Centering and scaling tranforms a given matrix to a matrix with columns with 
zero mean (_centering_), unit variance (_scaling_) or both (_auto-scaling_):

$$ Xc_{ij} = X_{ij}  - \bar{X}_{j} $$

$$ Xs_{ij} = \frac{X_{ij}  - \bar{X}_{j}}{s_{j}} $$

where $Xc$ and $Xs$ are the mean centered and auto-scaled matrices, $X$ is the 
input matrix, $\bar{X}_{j}$ and $s_{j}$ are the mean and standard deviation of 
variable $j$.

In R, these operations are simply obtained with the `scale` function. Other 
types of scaling can be considered.  Spectroscopic models can often be improved
by using ancillary data (e.g. temperature, ...) [@fearn2010]. Due to the nature
of spectral data (multivariate), other data would have great chance to be
dominated by the spectral matrix and have no chance to contribute significantly 
to the model due to purely numerical reasons [@eriksson2006]. One can use 
_block scaling_ to overcome this limitation.
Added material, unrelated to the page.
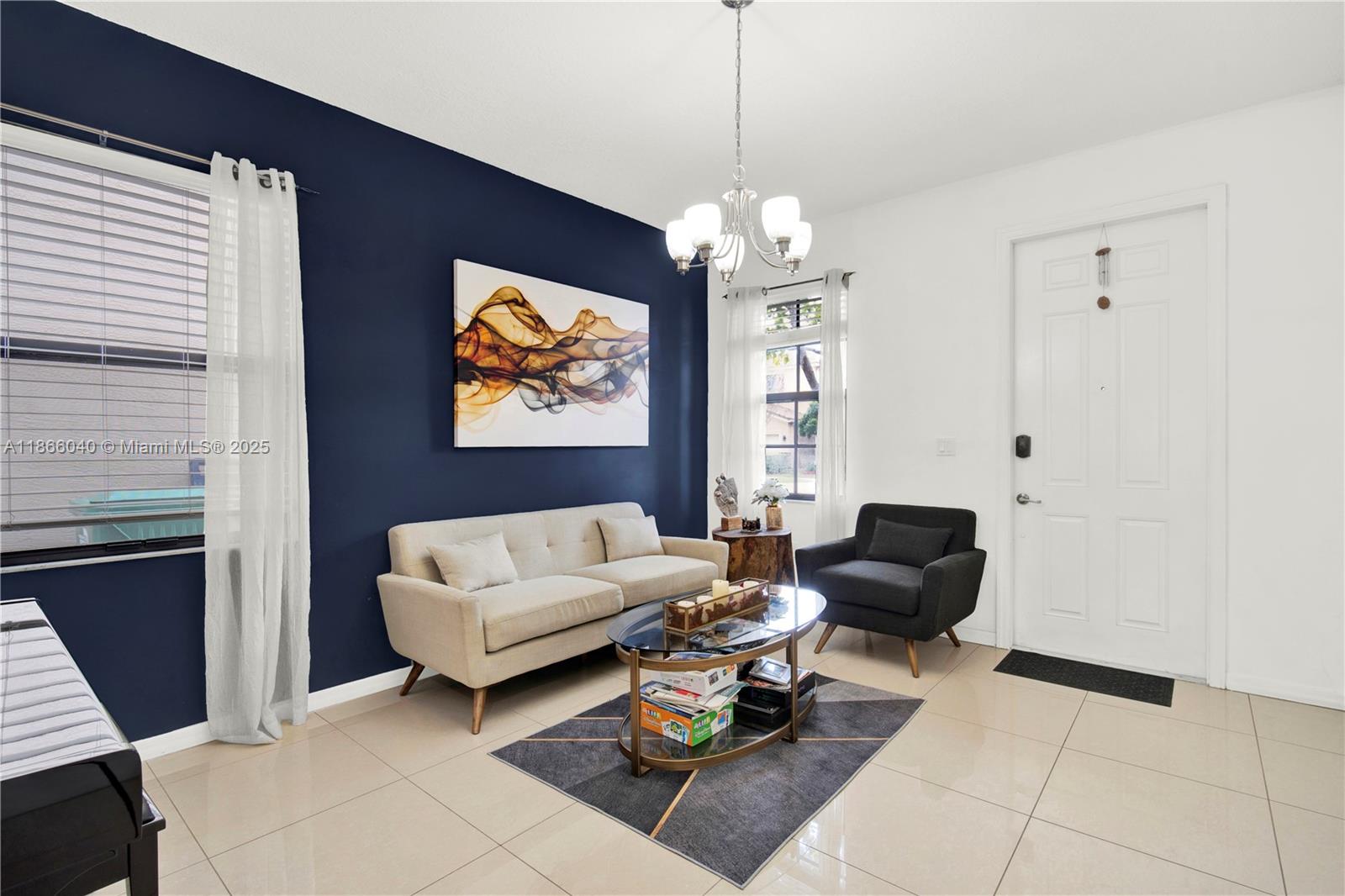 CHAMPION LAKES - Residential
It basically uses different weights
for different block of variables. With _soft block scaling_, each block is 
scaled (ie each column divided by a factor) such that the sum of their variance 
is equal to the square root of the number of variables in the block. With 
_hard block scaling_, each block is scaled such that the sum of their variance 
is equal to 1.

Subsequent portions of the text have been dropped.